A research team led by Yat Li, associate professor of chemistry at the University of California, Santa Cruz, developed the solar-microbial a hybrid device that combines a microbial fuel cell (MFC) and a type of solar cell called a photoelectrochemical cell (PEC).
In the MFC component, bacteria degrade organic matter in the wastewater, generating electricity in the process.
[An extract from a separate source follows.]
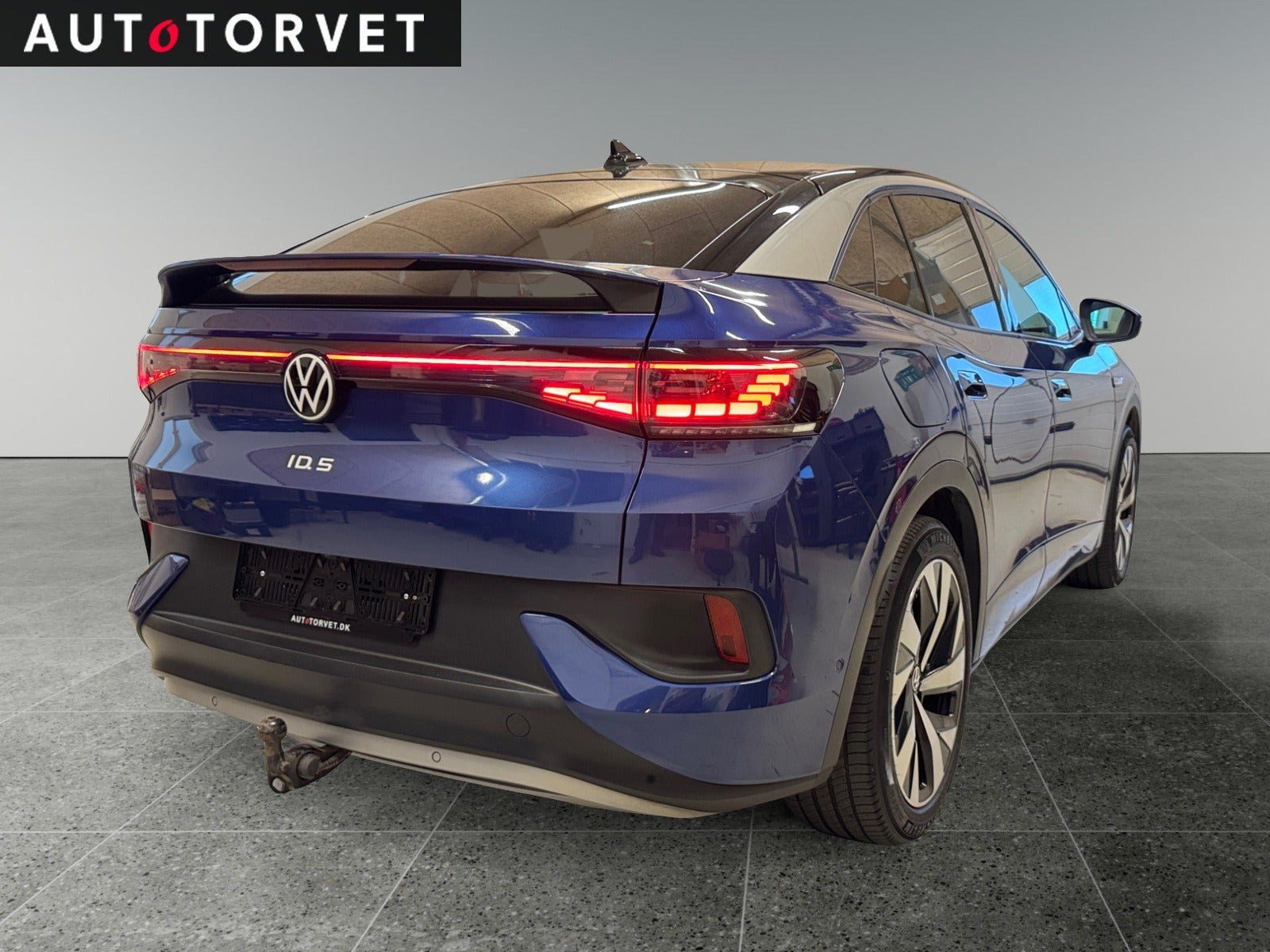 Blå VW ID.5 fra 2022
The biologically generated electricity is delivered to the PEC component to assist the solar-powered splitting of water (electrolysis) that generates hydrogen and oxygen.
The hybrid solar-microbial device is self-driven and self-sustained, because the combined energy from the organic matter (harvested by the MFC) and sunlight (captured by the PEC) is sufficient to drive electrolysis of water.
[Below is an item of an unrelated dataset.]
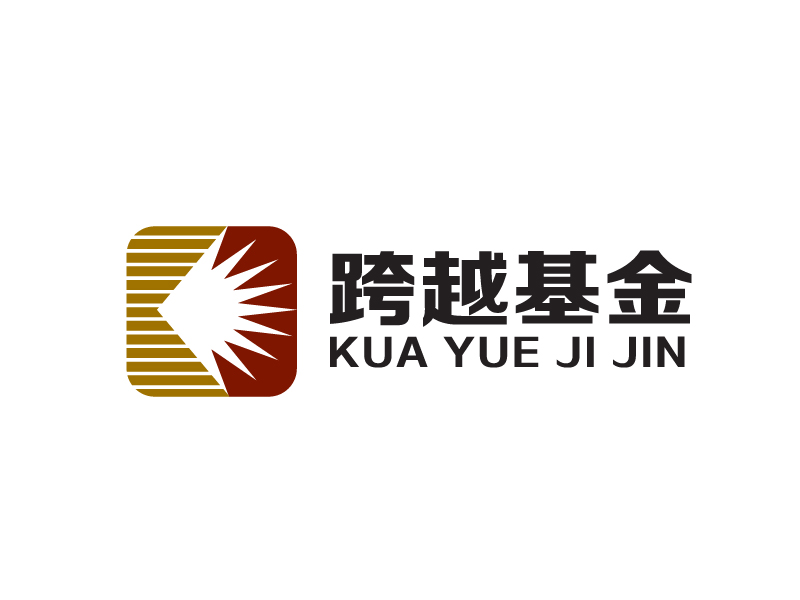 曉熹的深圳跨越基金管理有限公司logo設(shè)計(jì)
In effect, the MFC component can be regarded as a self-sustained "bio-battery" that provides extra voltage and energy to the PEC for hydrogen gas generation.
"The only energy sources are wastewater and sunlight," Li said.
Microbial fuel cells rely on unusual bacteria, known as electrogenic bacteria, that are able to generate electricity by transferring metabolically-generated electrons across their cell membranes to an external electrode.
Li's group collaborated with researchers at Lawrence Livermore National Laboratory (LLNL) who have been studying electrogenic bacteria and working to enhance MFC performance.
Initial "proof-of-concept" tests of the solar-microbial (PEC-MFC) device used a well-studied strain of electrogenic bacteria grown in the lab on artificial growth medium.
The wastewater contained both rich organic nutrients and a diverse mix of microbes that feed on those nutrients, including naturally occurring strains of electrogenic bacteria.
The study was published in the American Chemical Society journal ACS Nano.